ASCII

A 7-bit character encoding standard representing 128 characters including English letters, digits, and basic symbols.

ASCII (American Standard Code for Information Interchange) is a character encoding standard established in 1963 by the American Standards Association (ASA, now ANSI). It uses 7 bits to represent 128 characters: uppercase and lowercase English letters (A-Z, a-z), digits (0-9), basic symbols (! @ # $ etc.), and 33 control characters (newline, tab, etc.). Created to standardize data communication between computers, it remains the starting point for all modern character encodings.

ASCII forms the foundation of modern character encoding. UTF-8 is fully backward-compatible with ASCII, meaning ASCII characters use exactly 1 byte in UTF-8. This makes ASCII text highly byte-efficient. Thanks to this compatibility, files written entirely in ASCII can be read correctly as UTF-8 without any conversion. Character encoding fundamentals books cover ASCII's history and mechanics in detail.

In programming, ASCII code values are frequently used for character classification and conversion. For example, uppercase A is 65 and lowercase a is 97, with a constant difference of 32. This regularity enables fast case conversion using bitwise operations. Additionally, the digit 0 has a code value of 48, so subtracting 48 from the character '5' yields the numeric value 5. Such knowledge of ASCII code values is practically useful when implementing input validation and parsers.

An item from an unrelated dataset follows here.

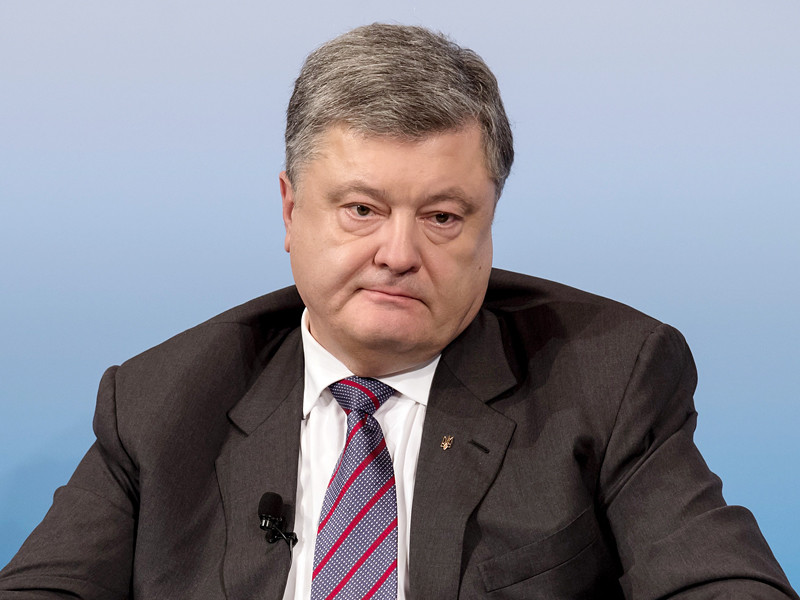 Президент Украины Петр Порошенко заявил, что получение безвизового режима с Евросоюзом - это окончательный отход от России и возвращение в Европу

ASCII's 128 characters cannot represent Japanese, Chinese, or other non-Latin scripts, which led to the development of regional encodings. Japan used Shift_JIS and EUC-JP, China used GB2312, and the proliferation of these encodings caused widespread character corruption issues. Unicode eventually emerged to handle all the world's characters in a unified system, but ASCII lives on as its foundation. Computer science fundamentals books treat ASCII as essential knowledge.

In character counting, ASCII characters always maintain a simple 1 character = 1 byte relationship. In contrast, Japanese full-width characters consume 3 bytes in UTF-8, so the byte count differs significantly even for the same character count. When considering database VARCHAR limits or API payload sizes, the ratio of ASCII to non-ASCII characters directly impacts byte count estimates.